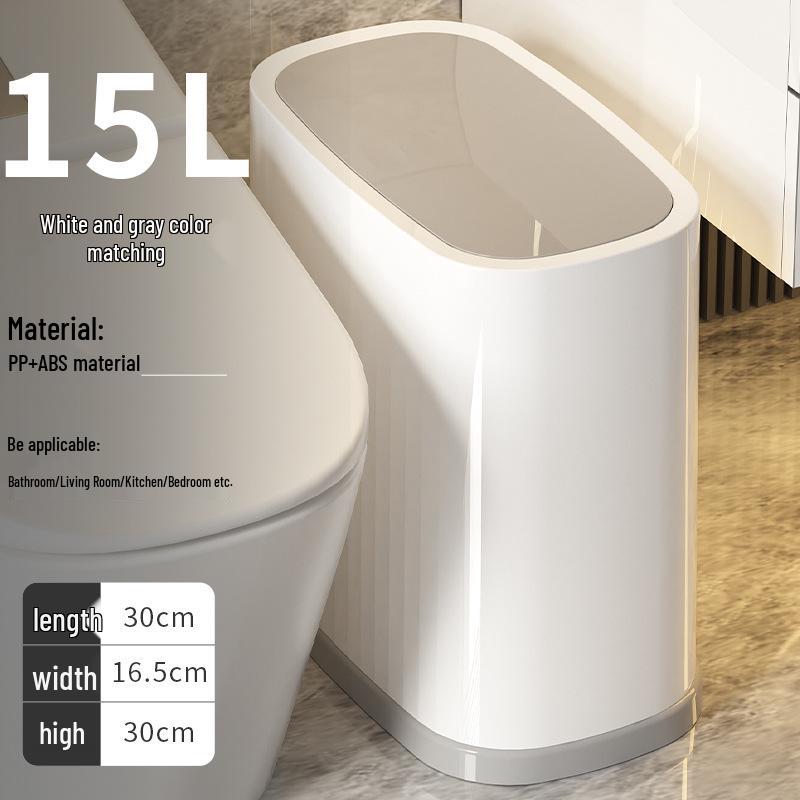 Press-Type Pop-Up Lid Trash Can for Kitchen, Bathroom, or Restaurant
---
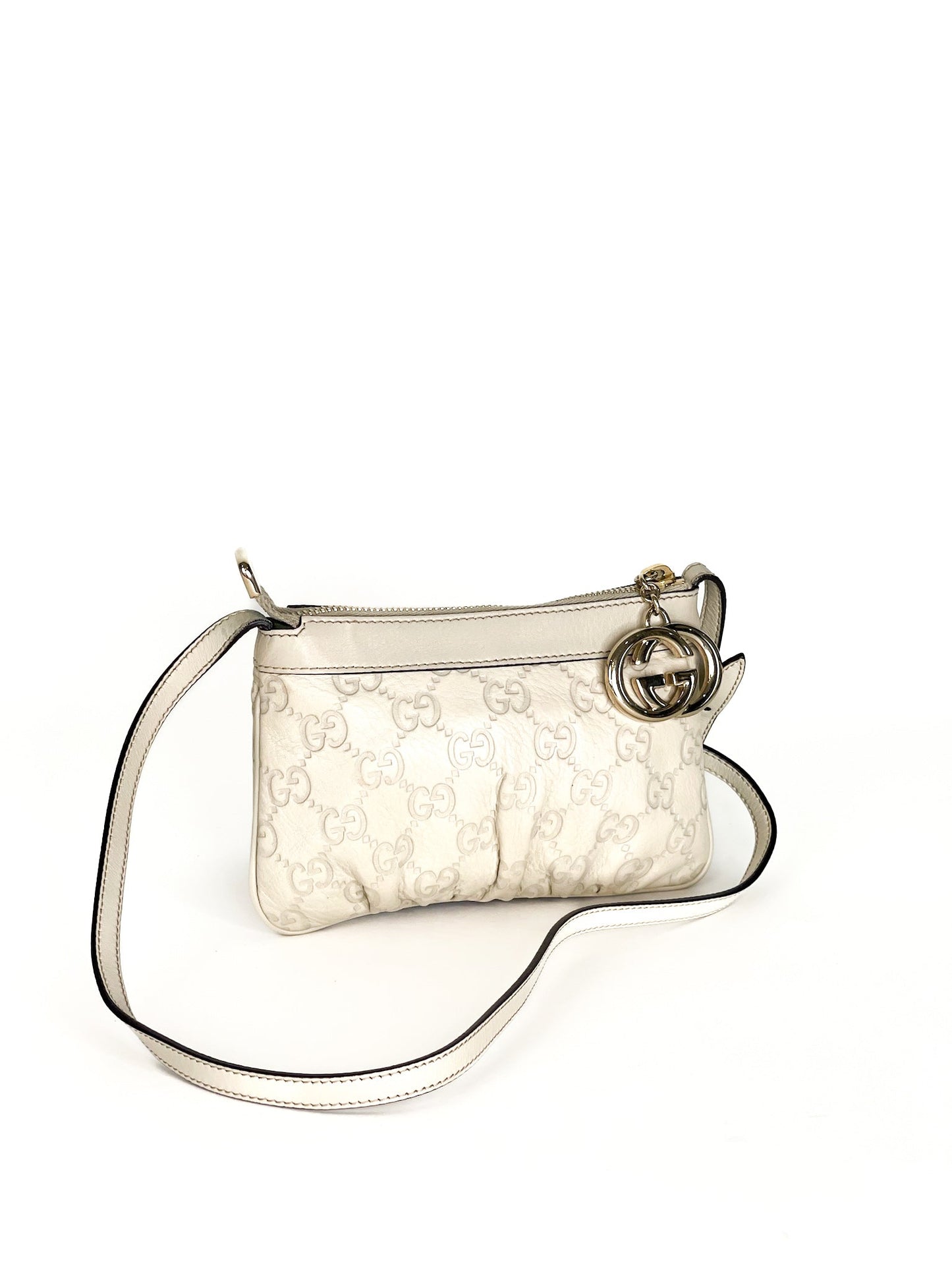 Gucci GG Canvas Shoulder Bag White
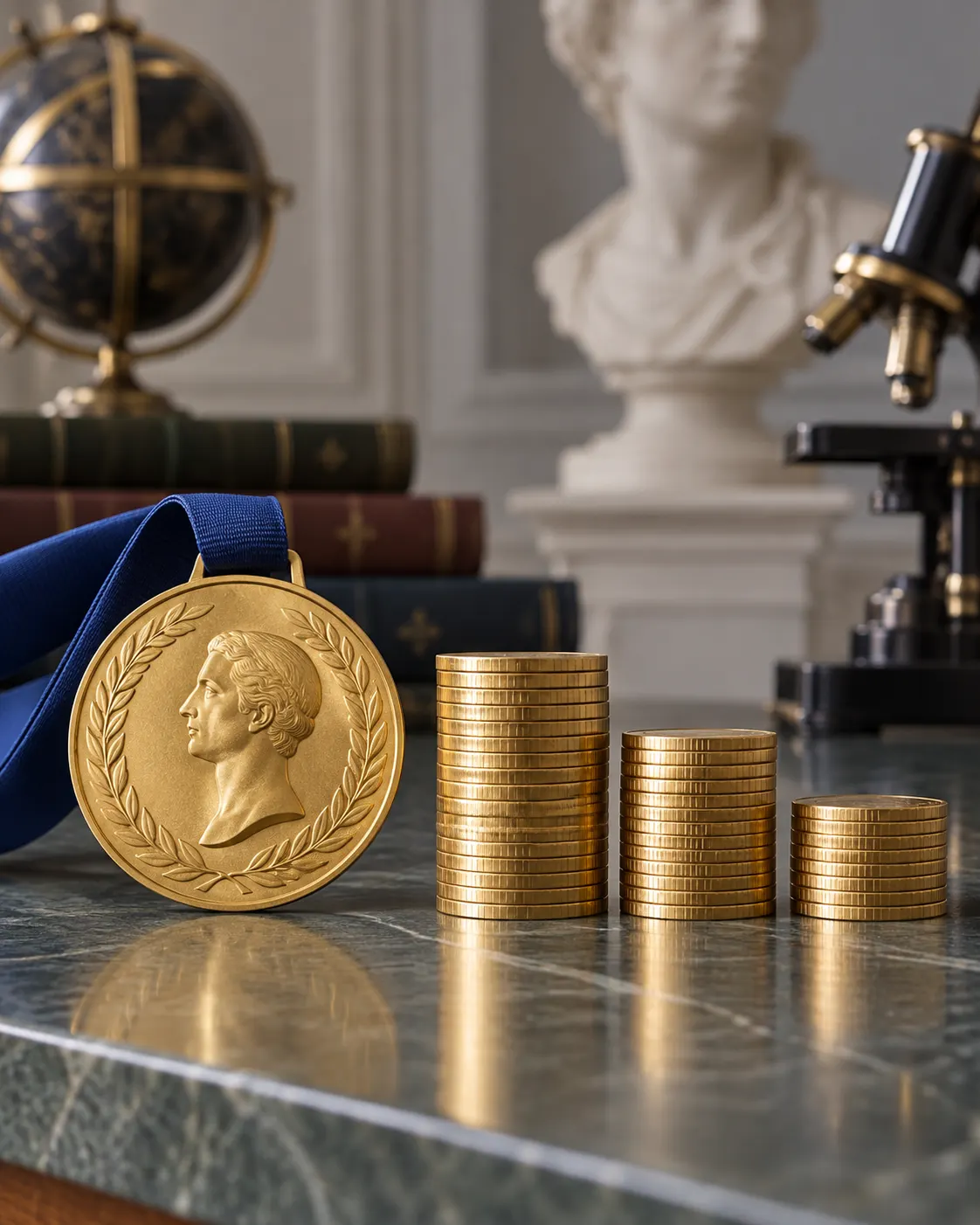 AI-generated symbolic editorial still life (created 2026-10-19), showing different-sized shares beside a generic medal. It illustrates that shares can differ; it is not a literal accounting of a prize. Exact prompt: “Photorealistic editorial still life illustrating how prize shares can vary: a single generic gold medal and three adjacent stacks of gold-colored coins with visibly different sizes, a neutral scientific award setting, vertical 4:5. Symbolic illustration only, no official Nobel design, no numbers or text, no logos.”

■ YOUR OBJECTIVE
What's needed is an exact copy of the lines above from the one with "Gucci GG Canvas Shoulder Bag White" through the one with "AI-generated symbolic editorial", both included; the pictures stay out.

■ ANSWER SECTION
 Gucci GG Canvas Shoulder Bag White
 AI-generated symbolic editorial still life (created 2026-10-19), showing different-sized shares beside a generic medal. It illustrates that shares can differ; it is not a literal accounting of a prize. Exact prompt: “Photorealistic editorial still life illustrating how prize shares can vary: a single generic gold medal and three adjacent stacks of gold-colored coins with visibly different sizes, a neutral scientific award setting, vertical 4:5. Symbolic illustration only, no official Nobel design, no numbers or text, no logos.”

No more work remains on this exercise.